Removal of speckle noises from ultrasound images using five different deep learning networks


Karaoğlu O., BİLGE H. Ş., Uluer İ.

Engineering Science and Technology, an International Journal, vol.29, 2022 (SCI-Expanded) identifier identifier

  • Publication Type: Article / Article
  • Volume: 29
  • Publication Date: 2022
  • Doi Number: 10.1016/j.jestch.2021.06.010
  • Journal Name: Engineering Science and Technology, an International Journal
  • Journal Indexes: Science Citation Index Expanded (SCI-EXPANDED), Scopus, INSPEC, Directory of Open Access Journals
  • Keywords: Ultrasound imaging, Deep learning, Speckle noise, Denoising, Image enhancement, ENHANCEMENT, FILTER
  • Gazi University Affiliated: Yes

Abstract

© 2021 Karabuk UniversityImage enhancement methods are applied to medical images to reduce the noise that they contain. There are many academic studies in the literature using classical image enhancement methods. Ultrasound imaging is a medical imaging method that is used for the diagnosis of diseases. In this study, speckle noises with Rayleigh distribution at four different noise levels (σ = 0.10, 0.25, 0.50, 0.75) are added to ultrasound images of the brachial plexus nerve region. Five different deep learning networks (Dilated Convolution Autoencoder Denoising Network/Di-Conv-AE-Net, Denoising U-Shaped Net/D-U-Net, BatchRenormalization U-Net/Br-U-Net, Generative Adversarial Denoising Network/DGan-Net, and CNN Residual Network/DeRNet) are used for reducing the speckle noises of the ultrasound images.
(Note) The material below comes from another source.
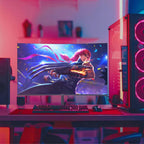 Monitor gamingowy MF270K-V G2 27 cali zakrzywiony VA LED Full HD 1920x1080 144Hz 5ms HDMI VGA VESA 100x100
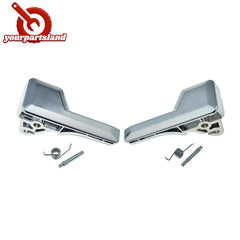 2X Interior Inner Door Handle LH RH For 07-14 Ford Edge 07-15 Lincoln MKX Chrome 6B93BC-57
The performances of the deep networks are compared with block-matching and 3D filtering (BM3D), which is one of the most preferred classical image enhancement algorithms; with classical filters including Bilateral, Frost, Kuan, Lee, Mean, and Median Filters; and with deep learning networks including Learning Pixel-Distribution Prior with Wider Convolution for Image Denoising (WIN5-RB), Denoising Prior Driven Deep Neural Network for Image Restoration (DPDNN), and Fingerprint Image Denoising and Inpainting Using M-Net Based Convolutional Neural Networks (FPD-M-Net). Network performance is evaluated according to peak signal-to-noise ratio (PSNR), structural similarity index (SSIM), and runtime criteria and the proposed deep learning networks are shown to outperform the other networks.